Mas salienta que o montado é uma paisagem e um ecossistema criado e tratado pelo homem, e é isso que o torna único. «Ter um montado bem tratado não é ter tudo bem limpinho. Isso é matar a floresta», frisou, alertando para práticas erradas, que têm contribuído para o declínio. «Não mobilizo a terra há 30 anos e os resultados estão à vista».

Lembrando que o Festival Terras sem Sombra é uma iniciativa da Diocese de Beja, Eugénio Sequeira cita a última encíclica do Papa Francisco e garante: «se nós não cuidarmos da obra de Deus, a Natureza trama-nos!».

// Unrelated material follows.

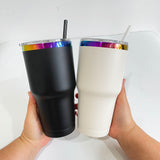 Rts usa_30oz macarone powder coated holographic rainbow plated car tumbler mugs cups with colored straws_nina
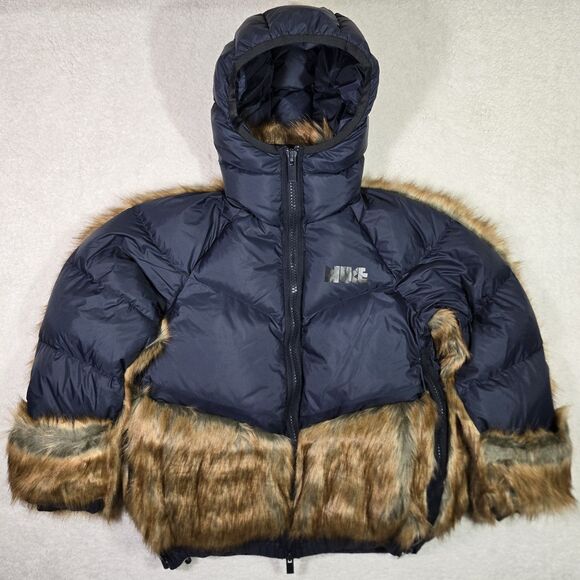 $600 Nike x Sacai Womens XS Parka Dark Obsidian Puffer Down Jacket CT3267-475 - Picture 1 of 7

Ana Seixas Palma, uma das pessoas que se juntou ao grupo, na manhã ventosa de domingo, para, de tesoura de poda na mão, ajudar a tratar dos pequenos sobreiros, defende que «a importância destas ações é enorme, porque estamos a juntar a população local, com as pessoas que vêm de meios urbanos, com estes músicos que não têm a noção da importância destas espécies e destes habitats. É importante mobilizar públicos diferentes, para contribuirmos para a melhoria do que é o nosso ambiente».

Seguindo com atenção todas as explicações, o maestro Massimo Mazzeo foi dos primeiros a deitar mãos à obra, de acordo com as instruções de Guilherme Santos. «Que emoção!» exclama depois de, com esforço, ter cortado uma pernada a mais num sobreiro.

A terminar um fim de semana dedicado a celebrar o património nas suas diversas facetas, as duas sopranos Bárbara Barradas e Joana Seara fizeram entoar o seu canto junto a uma das jovens árvores que teimam em resgatar aquela terra, cada vez mais sem sombra, do deserto.